Injecting acid gas with water creates new disposal option

Aug. 3, 1998
Gordon L. Duckworth DPH Engineering Inc. Calgary PanCanadian first tested acid-gas disposal with produced water injection at its David Battery No. 3 near Provost, Alta. (Fig. 2 [8,539 bytes]). The second site for acid-gas disposal with produced water injection was at PanCanadian's Thompson Lake facility near Hardisty, Alta. (Fig. 3 [10,366 bytes]). A scheme for injecting low-volume acid gases in an aqueous phase into a disposal well has decreased acid-gas disposal costs and facilitated

ACID GAS DISPOSAL-1

Dave Kopperson, Steve Horne, George Kohn,
Dwayne Romansky, Chong Chan
PanCanadian Petroleum Ltd.
Calgary
Gordon L. Duckworth
DPH Engineering Inc.
Calgary
A scheme for injecting low-volume acid gases in an aqueous phase into a disposal well has decreased acid-gas disposal costs and facilitated operations in two Canadian fields.

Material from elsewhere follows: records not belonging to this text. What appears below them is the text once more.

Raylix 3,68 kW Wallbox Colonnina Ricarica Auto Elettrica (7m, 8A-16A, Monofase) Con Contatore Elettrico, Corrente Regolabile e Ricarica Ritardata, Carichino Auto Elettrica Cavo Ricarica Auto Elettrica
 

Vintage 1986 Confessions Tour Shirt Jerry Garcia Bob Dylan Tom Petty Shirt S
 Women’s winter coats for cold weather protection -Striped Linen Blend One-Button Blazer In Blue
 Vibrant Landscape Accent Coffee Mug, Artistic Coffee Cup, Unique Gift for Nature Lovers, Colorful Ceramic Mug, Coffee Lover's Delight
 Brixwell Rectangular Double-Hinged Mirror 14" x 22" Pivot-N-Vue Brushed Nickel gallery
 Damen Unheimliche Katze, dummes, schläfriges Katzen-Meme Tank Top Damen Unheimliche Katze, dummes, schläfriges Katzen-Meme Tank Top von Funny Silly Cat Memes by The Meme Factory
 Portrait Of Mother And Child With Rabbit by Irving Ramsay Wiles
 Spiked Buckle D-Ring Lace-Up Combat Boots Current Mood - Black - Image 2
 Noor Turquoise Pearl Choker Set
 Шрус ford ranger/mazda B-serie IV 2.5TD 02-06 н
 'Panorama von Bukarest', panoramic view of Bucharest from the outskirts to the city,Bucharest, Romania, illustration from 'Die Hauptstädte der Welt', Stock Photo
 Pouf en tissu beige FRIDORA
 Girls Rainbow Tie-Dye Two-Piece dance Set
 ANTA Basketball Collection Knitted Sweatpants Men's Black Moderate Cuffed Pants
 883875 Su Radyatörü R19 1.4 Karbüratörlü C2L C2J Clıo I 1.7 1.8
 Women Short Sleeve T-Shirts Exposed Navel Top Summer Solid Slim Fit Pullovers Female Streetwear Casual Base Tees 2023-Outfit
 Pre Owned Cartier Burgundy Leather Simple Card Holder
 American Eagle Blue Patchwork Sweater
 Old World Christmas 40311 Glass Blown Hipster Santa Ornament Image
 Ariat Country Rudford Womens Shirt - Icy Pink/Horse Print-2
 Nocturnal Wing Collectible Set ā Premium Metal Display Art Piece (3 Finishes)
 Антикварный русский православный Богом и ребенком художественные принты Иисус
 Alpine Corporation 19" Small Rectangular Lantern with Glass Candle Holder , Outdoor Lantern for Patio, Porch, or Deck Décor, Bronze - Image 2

PanCanadian Petroleum Ltd. and DPH Engineering Inc. developed the scheme.

With tightening environmental policies,1 many companies are investigating alternatives to atmospheric sulfur and greenhouse gas emissions.

Alberta's oil and gas industry typically recovers a high percentage of sulfur in large, sour-gas processing plants, but has looked for more cost-effective approaches when dealing with small-volume plants.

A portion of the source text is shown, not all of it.